Chess is an old game, with the modern ruleset and layout emerging in the 15th century. Up until recently, chess was mostly played with a physical board, and two players sitting across from each other. Now, the majority of players play online, many never even playing in-person games at all. It may seem online chess is a niche activity, but its much more prominent than one would think. This is admittedly anecdotal, but in any one of my university classes, you would typically see one or two people ignoring the lecture, and instead redirect that energy and focus into a heated game of online chess. Back then, I didn’t really understand it. What’s so fun about moving pieces on a chess board, when you can pick from the vast array of wildly stimulating games and other forms of entertainment that modern technology has granted us? (what a funny thought, as if chess is more boring and monotonous than something like chopping trees in RuneScape all day to get your woodcutting level up for the sole purpose of seeing the number get bigger). Unfortunately, I now understand.
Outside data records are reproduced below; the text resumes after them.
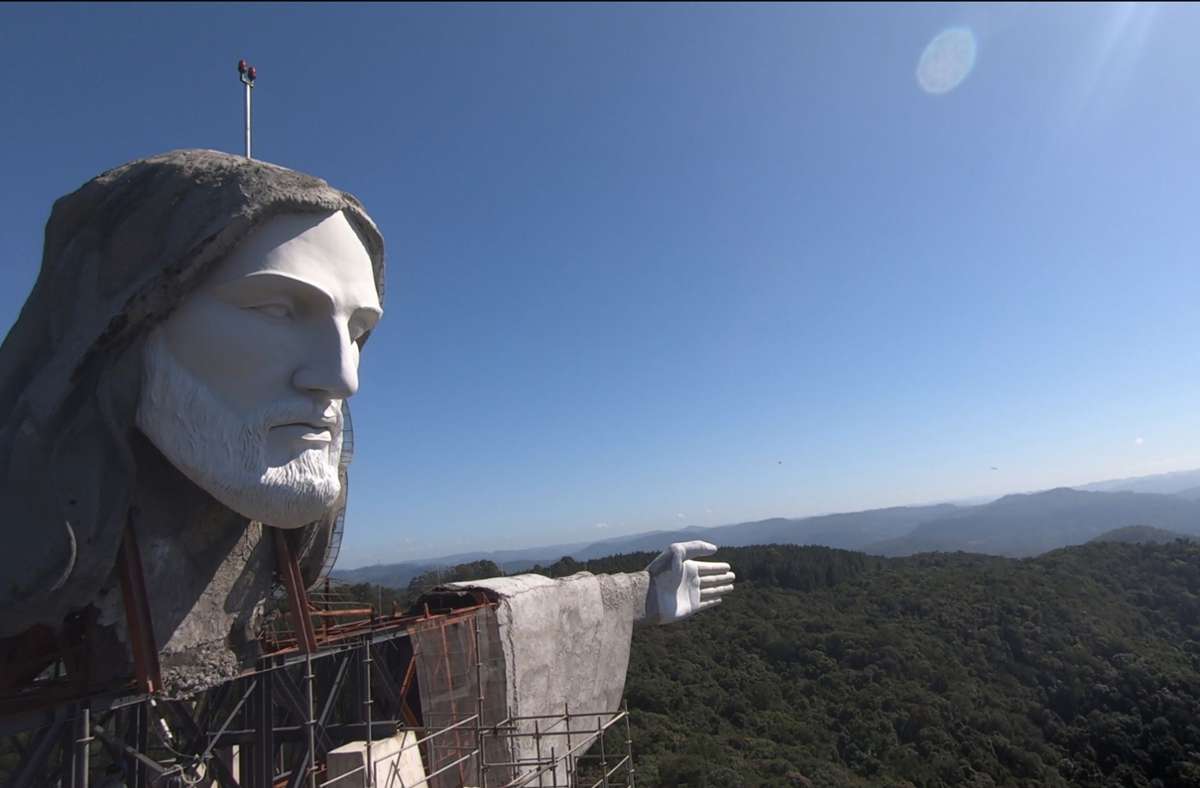 Detailansicht der Statue von Christus, dem Beschützer, die sich im Bau befindet.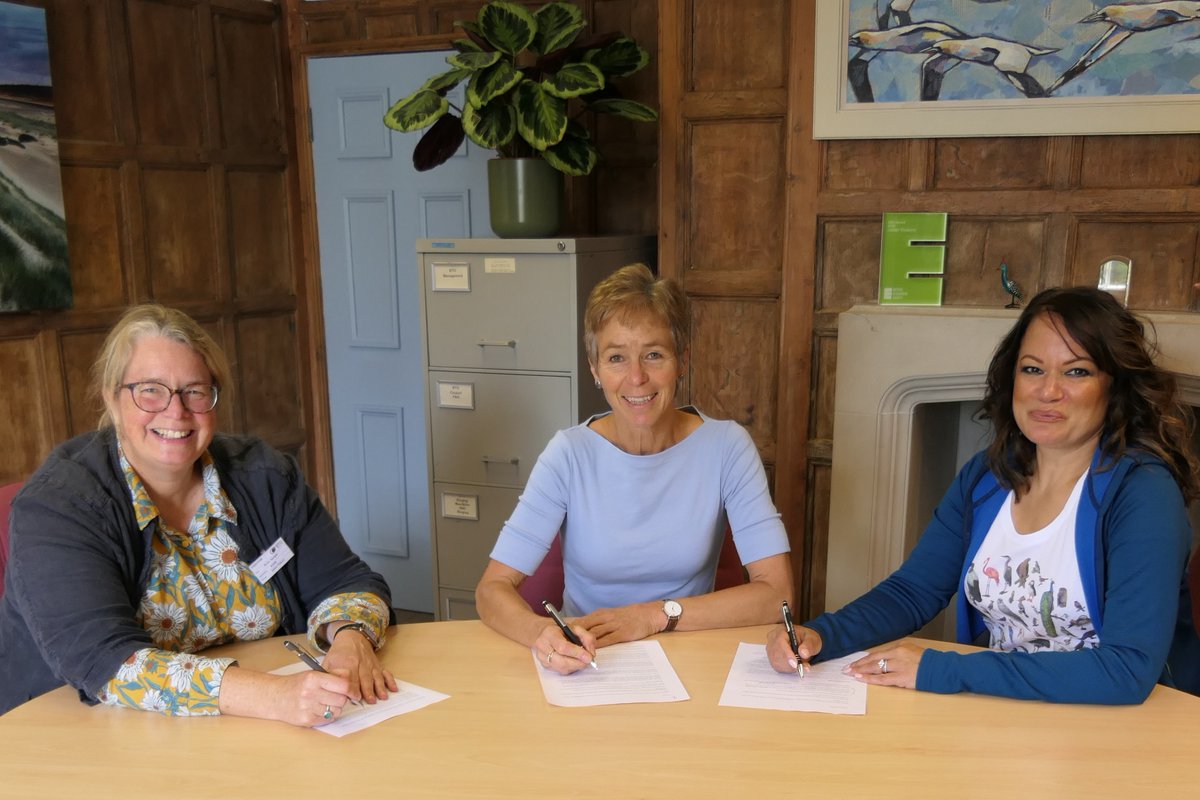 🥳 We’ve signed a new agreement with @JNCC_UK and @Natures_Voice to help secure the future of bird population monitoring in the UK. #BTOScience 🧵👇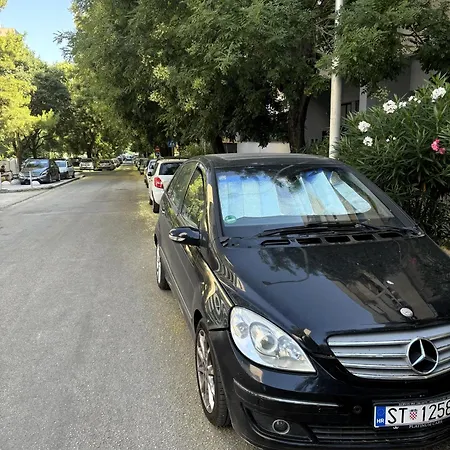 Διαμέρισμα At 8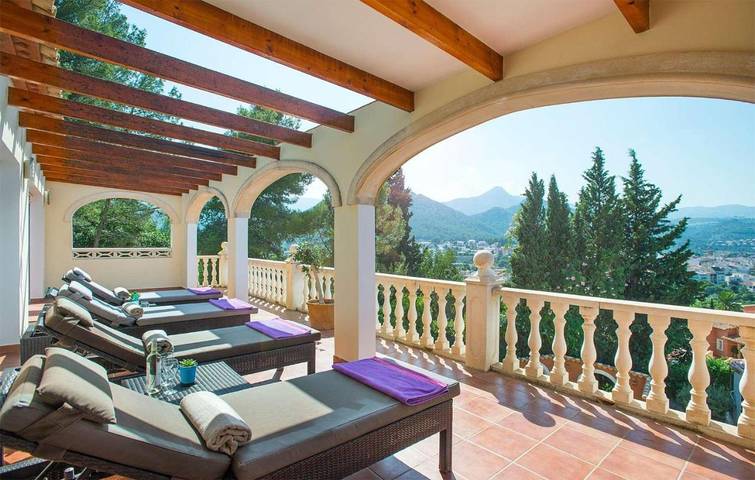 Location de vacances pour 8 personnes, avec piscine ainsi que vue et jardin à Orba - 2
I’ve been partaking in a couple games a day for the past month or two, and I have my non-addictive personality to thank for the fact that I haven’t completely thrown myself onto it. Since getting into it, I’ve gradually developed the belief that the physical and virtual games of chess are so different in their attributes that they should be treated as completely different games. I imagine online chess being a dull, robotic distant cousin to the real version.
In theory, the game should translate very well to the online medium, perfectly even. Chess has very structured states, and specific actions can take us from one state to the other. With a game like this, the representation of the game shouldn’t matter, as long as you can perform actions and the states are accurately presented based on these actions. Therefore, a physical game of chess should map 1:1 to an online game of chess. This would mean there is little to no difference between the two, right?
I believe there are many things that we boil down and refine in life, assuming that very little is lost. With something like chess, it is easy to see why we treat it as such. However, there is much lost and modified in this translation. Let’s address the former first.
This point isn’t necessarily applicable solely to chess, but still a big point. With a game like chess, in the physical world, you are not necessarily playing chess for the sake of simply playing chess. It more so serves as a vessel. The greater purpose may be to simply hang out with friends, and having an activity like chess be a point of attention allows lulls that arise naturally in conversation to sit there without people feeling the need to fill them. It may also just serve as an activity to have some friendly competition. In contrast, with online chess, the sole purpose of playing is for the game itself. The person on the other end isn’t there for you to spend time with, but rather to generate moves for you to play against.
This is mainly caused by the lack of communication. I’m not just talking about any sort of explicit communication necessarily, but more about the implicit communication that occurs in-person. The way one might look over the pieces, or go hmm… when they think, or the way they might grab a piece, almost move it, put it back and instead move a different piece. All of this is lost when we move to the online medium. Online, we only have communication that is explicitly thought out and communicated. Even with that, nobody really uses the chat, because it feels so weird for one to pull their attention from the game to then type things out. This results in a scenario where the only communication/interaction between players takes place on the board besides seeing their username, profile picture, country, their moves, and the time it takes for them to move. Very odd to think about.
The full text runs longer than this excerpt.